The House Transportation Committee on Wednesday released an investigative report (pdf) produced by Democratic staff, which concluded: “The Max crashes were not the result of a singular failure, technical mistake, or mismanaged event. They were the horrific culmination of a series of faulty technical assumptions by Boeing’s engineers, a lack of transparency on the part of Boeing’s management, and grossly insufficient oversight by the FAA.”

The committee, in the course of its 18-month investigation into the design, development, and certification of the 737 MAX, found that both Boeing and FAA share responsibility for the development and certification “of an aircraft that was unsafe.”

The report documents what it says is “a disturbing pattern of technical miscalculations and troubling management misjudgments” by Boeing, combined with “numerous oversight lapses and accountability gaps by the FAA.”

Lion Air flight 610 crashed in October 2018, and Ethiopian Airlines flight 302 crashed in March 2019. Both carriers were flying the Boeing 737 Max aircraft.

Epoch Times Photo

Epoch Times Photo

An Indonesian National Transportation Safety Commission (KNKT) official examines a turbine engine from the Lion Air flight JT610 at Tanjung Priok port in Jakarta, Indonesia, on Nov. 4, 2018. (Beawiharta/Reuters)

The report is the latest of many investigations into the 737 Max crashes and includes little new information. But it appears to be the most comprehensive in analyzing both Boeing’s and the FAA’s roles in developing and certifying an ultimately flawed commercial passenger jet.

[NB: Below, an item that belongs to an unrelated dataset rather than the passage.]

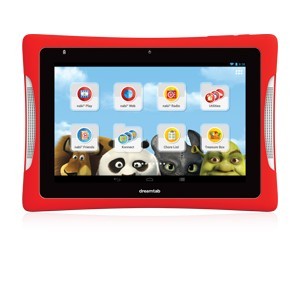 nabi DreamTab HD8 Tablet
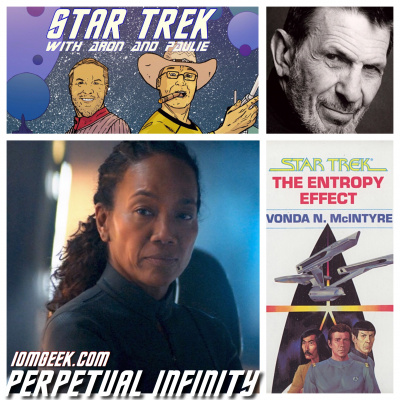 Star Trek With Aron And Paulie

House Transportation Committee Chairman Peter DeFazio (D-Ore.) in a statement accused Boeing of placing profit ahead of safety.

“Our report lays out disturbing revelations about how Boeing—under pressure to compete with Airbus and deliver profits for Wall Street—escaped scrutiny from the FAA, withheld critical information from pilots, and ultimately put planes into service that killed 346 innocent people,” he said.

The issues highlighted in the report include production pressures that jeopardized the safety of the flying public, faulty design and performance assumptions, a culture of concealment, and excess influence of Boeing over the FAA’s oversight structure.

“On behalf of the families of the victims of both crashes, as well as anyone who steps on a plane expecting to arrive at their destination safely, we are making this report public to put a spotlight not only on the broken safety culture at Boeing but also the gaps in the regulatory system at the FAA that allowed this fatally-flawed plane into service,” DeFazio said.

In a statement, a Boeing spokesman said the company has “learned many hard lessons” from the crashes “and from the mistakes we have made.” Boeing has “made fundamental changes to our company as a result, and continue[s] to look for ways to improve,” the statement added. “Change is always hard and requires daily commitment, but we as a company are dedicated to doing the work,” the company said.

The FAA, in a statement, said it “is committed to continually advancing aviation safety and looks forward to working with the committee to implement improvements identified in its report.”

The regulatory agency added that it has launched initiatives aimed at “improving [its] organization, processes, and culture.”

The FAA stated that it is also mandating “a number of design changes to the Boeing 737 Max before it returns to passenger service.”

DeFazio said the committee report lays out a road map for reinforcing regulatory transparency and aviation safety. Steps include restoring FAA’s and Boeing’s safety focus and improving safety cultures.